Now we can try typing rocketpool to terminal, we should see logo and some executable usage info.
rocketpool
Yeaah, it works.. Great.. What’s next in manual.. Service install. Now, we have to do some harmless sudo command first.. Point is, when we first use sudo in session, it asks for password (we don’t want that during rocketpool service automatic installation) and on first ever use it displays some educational stuff.. meh.. So let’s run:
sudo apt update
Type in our regular user’s (admin’s) password and continue.. Now we know our system is up to date (no shit Sherlock) and we can proceed to rocketpool installation:
rocketpool service install
That installs needed components (docker, dependancies, service itself, ..)
We confirm [y] to continue and watch things getting to work, output should look like this:
Nice! Let’s follow the instructions on display..
rocketpool service config
Client we want to run.. is going to be Geth in our case. For those who don’t know what’s going on, Geth is PoW chain client which will download whole blockchain. Luckily for us, only Goerli testnet blockchain for now. Infura does this for you, but you need registration, API key.. check the original manual, I’m lazy to explain (or to register on Infura). Then hit Enter, Enter and decide if you want some particular or random Eth2 client; I won Prysm (which I like more, so JACKPOT!!)
Great, now we can run our stack!! So.. rocketpool service start.. and..
EPIC FAIL!! And I can tell you why.. We did shitty job renaming the server. You can already see me going to edit (system config file = with sudo) hosts file, which is where system (and obviously docker of which the Rocket Pool node stack is being built) looks for name translations before asking DNS servers..
sudo mcedit /etc/hosts
Here we edit line with our public IP address so it contains only IP and our hostname.. like this:
F2, ESC, you know the drill..
[!] Note: Hey all, let’s restart terminal again! Trust me, do it..
And now, fingers crossed..
rocketpool service start
OMG, OMG, it’s happening.. !!
These green dones mean it runs! You can check with following commands:
rocketpool service status
for running services..
rocketpool service stats
here we see system resources; we quit with Ctrl+C..
rocketpool service logs eth1
rocketpool service logs eth2
..to see logs from eth1 and eth2 clients.. meaning sync status.. Ctrl+C to quit again..
rocketpool service logs
..for merged log from all components of RP stack.

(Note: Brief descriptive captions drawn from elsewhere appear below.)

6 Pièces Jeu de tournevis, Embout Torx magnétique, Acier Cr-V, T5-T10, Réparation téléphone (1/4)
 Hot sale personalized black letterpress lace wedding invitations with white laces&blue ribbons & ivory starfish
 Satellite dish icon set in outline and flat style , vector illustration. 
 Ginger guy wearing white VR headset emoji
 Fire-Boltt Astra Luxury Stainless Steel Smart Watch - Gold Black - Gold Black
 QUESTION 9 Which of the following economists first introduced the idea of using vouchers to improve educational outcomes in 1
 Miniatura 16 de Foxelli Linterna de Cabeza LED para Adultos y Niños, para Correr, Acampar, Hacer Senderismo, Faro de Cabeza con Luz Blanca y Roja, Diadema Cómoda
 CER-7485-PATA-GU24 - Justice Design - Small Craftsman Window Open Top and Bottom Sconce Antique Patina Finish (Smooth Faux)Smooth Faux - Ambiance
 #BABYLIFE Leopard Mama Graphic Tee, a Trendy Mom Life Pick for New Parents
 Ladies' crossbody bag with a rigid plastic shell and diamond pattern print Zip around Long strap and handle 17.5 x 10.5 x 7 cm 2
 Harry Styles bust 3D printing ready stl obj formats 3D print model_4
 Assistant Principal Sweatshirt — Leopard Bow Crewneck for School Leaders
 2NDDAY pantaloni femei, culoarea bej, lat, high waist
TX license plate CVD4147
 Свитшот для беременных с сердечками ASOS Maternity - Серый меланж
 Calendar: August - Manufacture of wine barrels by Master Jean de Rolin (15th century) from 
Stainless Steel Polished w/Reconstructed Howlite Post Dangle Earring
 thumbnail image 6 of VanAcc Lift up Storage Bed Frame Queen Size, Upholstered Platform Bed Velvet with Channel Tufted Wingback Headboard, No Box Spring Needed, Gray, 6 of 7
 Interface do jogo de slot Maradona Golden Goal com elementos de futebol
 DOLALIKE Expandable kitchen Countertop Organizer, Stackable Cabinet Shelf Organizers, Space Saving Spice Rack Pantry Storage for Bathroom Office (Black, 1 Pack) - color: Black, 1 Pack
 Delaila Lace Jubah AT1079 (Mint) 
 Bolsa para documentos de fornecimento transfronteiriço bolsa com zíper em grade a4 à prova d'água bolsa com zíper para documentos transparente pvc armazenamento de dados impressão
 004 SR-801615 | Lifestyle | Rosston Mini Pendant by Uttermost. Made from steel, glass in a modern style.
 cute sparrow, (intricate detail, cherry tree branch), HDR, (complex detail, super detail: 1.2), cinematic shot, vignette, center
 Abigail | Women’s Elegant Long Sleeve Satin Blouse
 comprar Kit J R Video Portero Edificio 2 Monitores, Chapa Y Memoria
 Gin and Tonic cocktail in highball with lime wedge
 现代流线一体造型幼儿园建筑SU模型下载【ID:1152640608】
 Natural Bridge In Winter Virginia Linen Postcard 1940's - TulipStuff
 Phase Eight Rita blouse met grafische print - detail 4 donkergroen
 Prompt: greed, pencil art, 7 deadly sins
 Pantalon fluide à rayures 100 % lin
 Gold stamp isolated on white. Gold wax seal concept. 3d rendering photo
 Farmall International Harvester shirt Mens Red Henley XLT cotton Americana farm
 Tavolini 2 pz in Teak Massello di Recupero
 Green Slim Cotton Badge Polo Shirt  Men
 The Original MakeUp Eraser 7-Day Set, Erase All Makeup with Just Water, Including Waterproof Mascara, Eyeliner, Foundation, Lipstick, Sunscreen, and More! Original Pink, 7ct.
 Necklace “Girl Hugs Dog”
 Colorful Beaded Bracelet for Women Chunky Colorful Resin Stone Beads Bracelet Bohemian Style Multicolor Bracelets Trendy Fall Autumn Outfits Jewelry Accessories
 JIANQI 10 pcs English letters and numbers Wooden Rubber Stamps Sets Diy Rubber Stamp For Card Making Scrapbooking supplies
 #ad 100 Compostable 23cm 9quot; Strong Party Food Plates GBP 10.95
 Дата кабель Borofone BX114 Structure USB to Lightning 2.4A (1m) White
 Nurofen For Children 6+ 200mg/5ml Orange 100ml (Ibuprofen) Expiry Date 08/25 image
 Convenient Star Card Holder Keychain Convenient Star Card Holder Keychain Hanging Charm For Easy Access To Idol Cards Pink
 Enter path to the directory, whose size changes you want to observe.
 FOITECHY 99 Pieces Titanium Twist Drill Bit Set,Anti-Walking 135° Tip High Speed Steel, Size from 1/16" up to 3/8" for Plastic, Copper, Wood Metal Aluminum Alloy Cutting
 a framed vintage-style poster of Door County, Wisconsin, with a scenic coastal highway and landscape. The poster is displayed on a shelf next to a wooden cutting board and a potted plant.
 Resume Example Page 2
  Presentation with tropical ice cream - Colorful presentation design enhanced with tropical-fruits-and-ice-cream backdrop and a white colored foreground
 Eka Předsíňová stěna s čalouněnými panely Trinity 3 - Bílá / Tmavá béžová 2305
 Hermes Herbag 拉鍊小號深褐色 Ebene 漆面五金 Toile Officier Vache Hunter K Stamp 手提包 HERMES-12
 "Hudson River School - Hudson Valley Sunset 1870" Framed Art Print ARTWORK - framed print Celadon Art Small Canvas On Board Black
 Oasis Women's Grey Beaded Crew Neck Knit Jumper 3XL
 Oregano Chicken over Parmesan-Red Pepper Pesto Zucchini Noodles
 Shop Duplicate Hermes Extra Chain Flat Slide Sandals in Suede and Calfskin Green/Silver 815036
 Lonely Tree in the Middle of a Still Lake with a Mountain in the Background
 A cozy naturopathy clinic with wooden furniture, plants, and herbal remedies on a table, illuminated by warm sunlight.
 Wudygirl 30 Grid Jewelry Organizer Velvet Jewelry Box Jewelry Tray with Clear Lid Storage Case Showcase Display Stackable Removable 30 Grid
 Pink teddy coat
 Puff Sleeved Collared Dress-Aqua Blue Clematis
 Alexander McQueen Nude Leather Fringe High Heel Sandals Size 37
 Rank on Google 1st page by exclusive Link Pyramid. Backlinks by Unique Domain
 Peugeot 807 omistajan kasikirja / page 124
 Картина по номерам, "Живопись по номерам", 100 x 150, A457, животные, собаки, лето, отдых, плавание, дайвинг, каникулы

You can see ETH2 is going to take some hours.. or days.. So we have time :). In next chapters we’ll look how to finish node setup step by step and how should it look like on screen; we’ll monitor server resources, secure it a bit and later I’ll try to add manual for people who want to try node on some old hardware (so they’ll have to install and configure Debian themselves, Contabo won’t do that for them).